┌─ THE RECORDS

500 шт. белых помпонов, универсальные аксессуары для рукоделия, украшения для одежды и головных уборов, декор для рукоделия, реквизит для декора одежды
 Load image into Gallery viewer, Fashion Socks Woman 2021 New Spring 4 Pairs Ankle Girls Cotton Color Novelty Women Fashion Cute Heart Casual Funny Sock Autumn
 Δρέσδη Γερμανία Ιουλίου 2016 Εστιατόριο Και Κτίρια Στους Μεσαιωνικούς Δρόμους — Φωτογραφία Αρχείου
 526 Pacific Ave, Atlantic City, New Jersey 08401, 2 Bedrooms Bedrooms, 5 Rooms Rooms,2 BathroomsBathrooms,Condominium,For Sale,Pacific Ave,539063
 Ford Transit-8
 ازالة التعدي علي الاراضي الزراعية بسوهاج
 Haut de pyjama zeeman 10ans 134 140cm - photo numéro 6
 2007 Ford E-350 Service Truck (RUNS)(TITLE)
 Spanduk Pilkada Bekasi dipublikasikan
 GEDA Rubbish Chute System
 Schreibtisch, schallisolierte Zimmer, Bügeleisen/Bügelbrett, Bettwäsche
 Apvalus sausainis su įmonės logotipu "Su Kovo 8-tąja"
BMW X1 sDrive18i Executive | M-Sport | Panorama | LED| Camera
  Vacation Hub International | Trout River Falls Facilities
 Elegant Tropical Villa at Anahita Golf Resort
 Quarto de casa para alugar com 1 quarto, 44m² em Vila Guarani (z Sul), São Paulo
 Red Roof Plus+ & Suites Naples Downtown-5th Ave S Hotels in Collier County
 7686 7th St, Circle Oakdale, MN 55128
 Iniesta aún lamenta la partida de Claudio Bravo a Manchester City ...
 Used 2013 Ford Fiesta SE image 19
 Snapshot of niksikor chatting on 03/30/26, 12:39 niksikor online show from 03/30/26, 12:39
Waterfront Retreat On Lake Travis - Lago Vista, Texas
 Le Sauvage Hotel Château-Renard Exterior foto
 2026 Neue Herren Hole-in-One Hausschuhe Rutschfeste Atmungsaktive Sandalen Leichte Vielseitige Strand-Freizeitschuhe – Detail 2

└─

* _TASK TO COMPLETE_:
Give back each record exactly, from the first line through the last.

* _RESPONSE_:
500 шт. белых помпонов, универсальные аксессуары для рукоделия, украшения для одежды и головных уборов, декор для рукоделия, реквизит для декора одежды
 Load image into Gallery viewer, Fashion Socks Woman 2021 New Spring 4 Pairs Ankle Girls Cotton Color Novelty Women Fashion Cute Heart Casual Funny Sock Autumn
 Δρέσδη Γερμανία Ιουλίου 2016 Εστιατόριο Και Κτίρια Στους Μεσαιωνικούς Δρόμους — Φωτογραφία Αρχείου
 526 Pacific Ave, Atlantic City, New Jersey 08401, 2 Bedrooms Bedrooms, 5 Rooms Rooms,2 BathroomsBathrooms,Condominium,For Sale,Pacific Ave,539063
 Ford Transit-8
 ازالة التعدي علي الاراضي الزراعية بسوهاج
 Haut de pyjama zeeman 10ans 134 140cm - photo numéro 6
 2007 Ford E-350 Service Truck (RUNS)(TITLE)
 Spanduk Pilkada Bekasi dipublikasikan
 GEDA Rubbish Chute System
 Schreibtisch, schallisolierte Zimmer, Bügeleisen/Bügelbrett, Bettwäsche
 Apvalus sausainis su įmonės logotipu "Su Kovo 8-tąja"
BMW X1 sDrive18i Executive | M-Sport | Panorama | LED| Camera
  Vacation Hub International | Trout River Falls Facilities
 Elegant Tropical Villa at Anahita Golf Resort
 Quarto de casa para alugar com 1 quarto, 44m² em Vila Guarani (z Sul), São Paulo
 Red Roof Plus+ & Suites Naples Downtown-5th Ave S Hotels in Collier County
 7686 7th St, Circle Oakdale, MN 55128
 Iniesta aún lamenta la partida de Claudio Bravo a Manchester City ...
 Used 2013 Ford Fiesta SE image 19
 Snapshot of niksikor chatting on 03/30/26, 12:39 niksikor online show from 03/30/26, 12:39
Waterfront Retreat On Lake Travis - Lago Vista, Texas
 Le Sauvage Hotel Château-Renard Exterior foto
 2026 Neue Herren Hole-in-One Hausschuhe Rutschfeste Atmungsaktive Sandalen Leichte Vielseitige Strand-Freizeitschuhe – Detail 2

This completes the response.